(Problem):
Which lines in the material below contain the word "from"? Copy each of them.

(Material supplied):

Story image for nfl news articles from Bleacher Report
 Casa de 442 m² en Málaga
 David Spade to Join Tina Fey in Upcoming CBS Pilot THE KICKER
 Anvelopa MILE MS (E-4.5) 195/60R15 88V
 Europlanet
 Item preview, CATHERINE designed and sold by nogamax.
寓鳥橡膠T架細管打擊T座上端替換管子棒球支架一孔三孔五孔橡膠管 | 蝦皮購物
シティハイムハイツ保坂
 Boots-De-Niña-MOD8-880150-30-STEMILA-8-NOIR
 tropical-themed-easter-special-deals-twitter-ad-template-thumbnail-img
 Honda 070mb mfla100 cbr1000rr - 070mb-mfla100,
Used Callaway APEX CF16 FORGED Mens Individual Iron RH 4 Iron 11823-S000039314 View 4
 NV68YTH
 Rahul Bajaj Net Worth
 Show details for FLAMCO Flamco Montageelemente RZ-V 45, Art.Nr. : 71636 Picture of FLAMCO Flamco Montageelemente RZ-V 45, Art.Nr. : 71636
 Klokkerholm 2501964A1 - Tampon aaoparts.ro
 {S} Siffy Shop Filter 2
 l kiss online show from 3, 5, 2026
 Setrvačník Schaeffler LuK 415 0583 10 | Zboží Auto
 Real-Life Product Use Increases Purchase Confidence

(Reply to the exercise):
Story image for nfl news articles from Bleacher Report
 l kiss online show from 3, 5, 2026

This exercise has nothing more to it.